During Friday's run-through, the spacecraft will also release a
10-centimetre-tall robot called MINERVA. The robot carries thermometers
and three cameras to take measurements from the surface, where it will
gently hop around by reacting to a rotating weight within its body.

Hayabusa will then attempt its first sample collection on 12 November
from an expanse of fine dust in the middle of the asteroid called
MUSES-Sea. The second sampling will take place on 25 November from a
broad, flat region on the asteroid's tip dubbed the Woomera Desert.

These flat targets were chosen "as the safest points to attempt a
landing", says Yeomans. In each case, when a fabric cone protruding from
the spacecraft touches the asteroid, it will fire a 5-gram pellet into
the surface and attempt suck up the resulting debris.
          
Failed components

The landings will be controlled autonomously by the spacecraft's
software but will be even more challenging than originally expected
because two of Hayabusa's three stabilising reaction wheels have failed.
But Yeomans says the one remaining wheel, along with onboard hydrazine
thrusters - which will fire with as little thrust as possible to
conserve fuel - can keep the spacecraft correctly oriented. "The mission
is going amazingly well so far," he says.

Asteroid researcher Bill Bottke of the Southwest Research Institute in
Boulder, Colorado, US, agrees. "The pictures are really remarkable - and
very different from any asteroid images taken to date," he told New
Scientist.

While most asteroids appear to be covered largely by regolith - powdery
material created when small meteorites crash into a rocky body -
Itokawa's surface shows only small amounts of the pulverised stuff.
Instead, it appears that "little blocky things" make up most of the
surface, says Bottke.
          
Mysterious surface

This, along with Hayabusa's discovery that the asteroid's density is
less than expected, leads Bottke to believe it may be composed of
smaller rocks that are held together by gravity.

"There's always been a big debate about whether asteroids should be
considered solid pieces of rock or rubble piles," says Bottke. "If some
asteroids are rubble piles and I had to guess what one might look like,
I would think it looks like this."

The dearth of craters on its surface is also puzzling, he adds. "It's
unlikely this body has completely avoided impacts in the past," he says.
He speculates the asteroid may have been gravitationally deformed - and
had its surface rejigged - on previous close passes by Earth.

Alternatively, the asteroid's small size may be to blame.

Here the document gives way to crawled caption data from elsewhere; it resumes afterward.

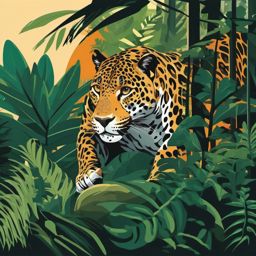 Jaguar Clip Art - A powerful jaguar lurking in the jungle,  color vector clipart, minimal style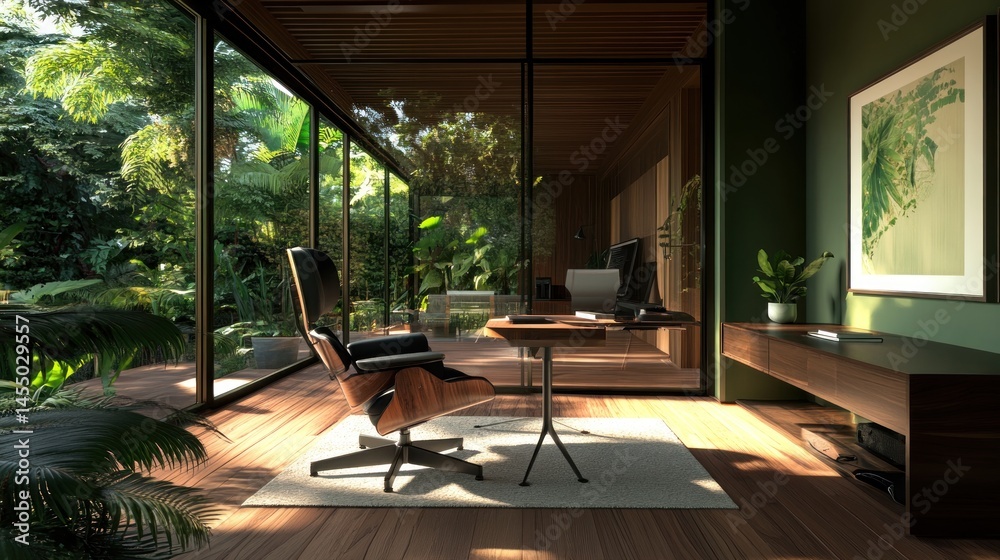 Fototapeta premium Tranquil modern home office with lush garden views.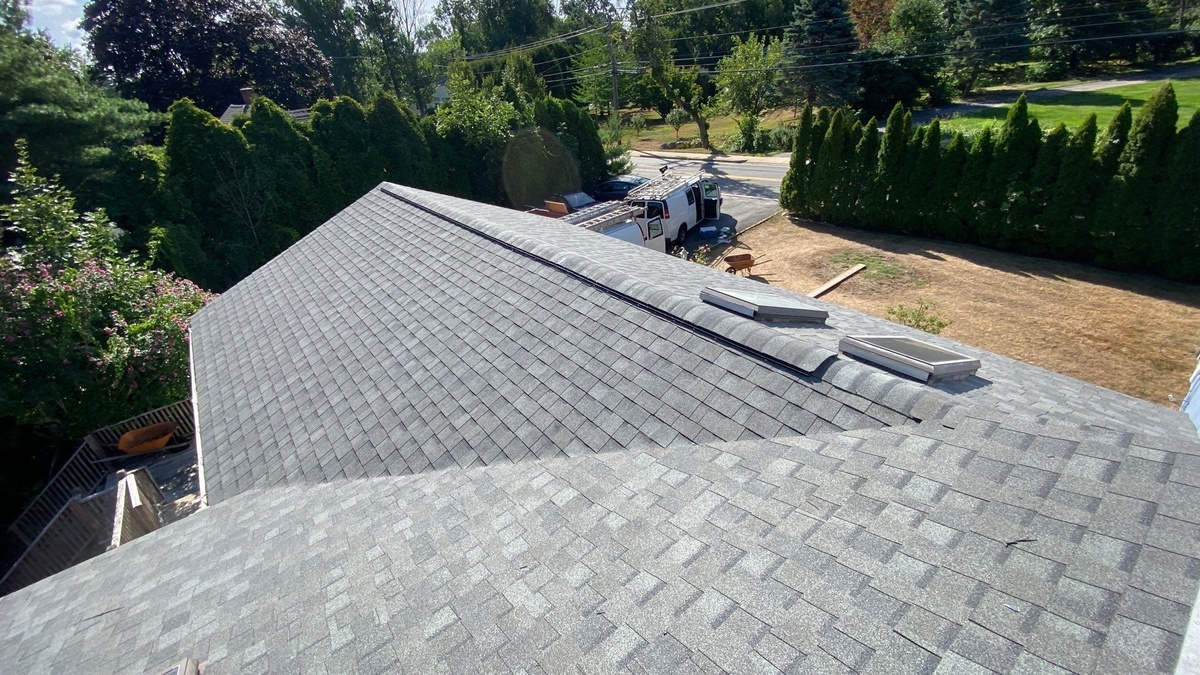 Aerial view CertainTeed Landmark Georgetown Gray storm damage roof replacement Cranston RI
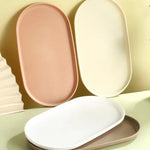 assiettes ovales silicone blanc beige moderne minimaliste empilables multifonctionnelles nhà bếp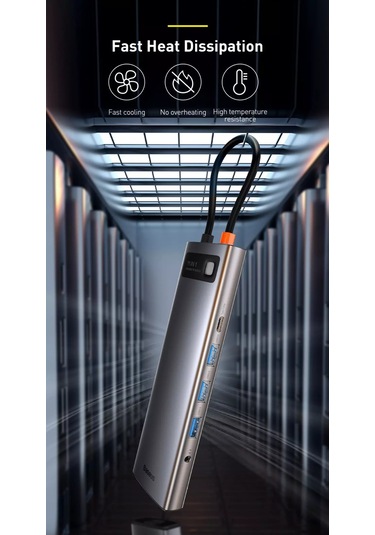 Baseus Metal Gleam 11in1 Multifonksiyonel Type-C Hub Dock Station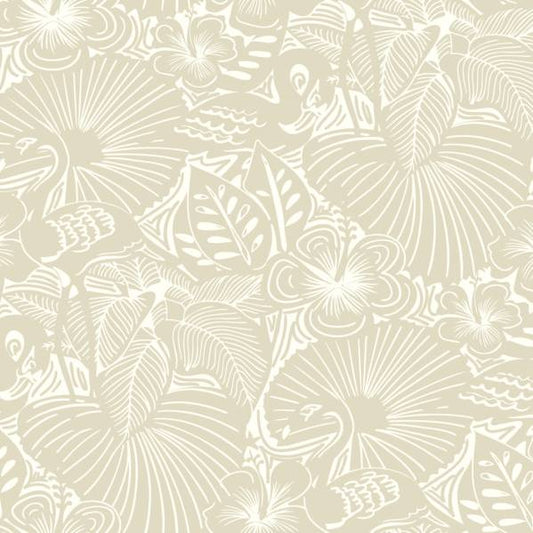 Purchase 4135-72713 A-Street Wallpaper, Idalia Beige Floral Flamingo - Whimsy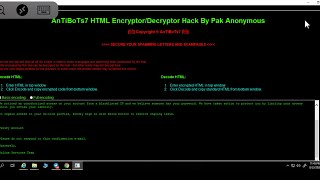 Hindi/ AnTiBoTs7 HTML Encryptor/Decryptor | SPAMMERS | SPAMMING | USE ENCRYPTED | decrypted v1 Free screenshot 5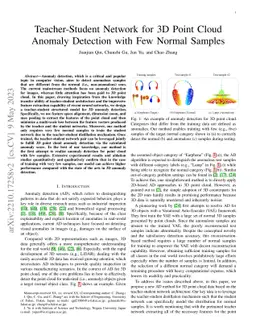 Teacher-Student Network for 3D Point Cloud Anomaly Detection with Few
  Normal Samples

Its surface
gravity - just 0.001% of Earth's - may allow regolith particles that
become charged by the Sun to briefly lift from the surface. "If the Sun
could cause small particles to move a little bit, they might start to
fill in the depressions," Bottke says.

Hayabusa is scheduled to leave Itokawa in December 2005 and should drop
its sample-return capsule down to Australia in July 2007.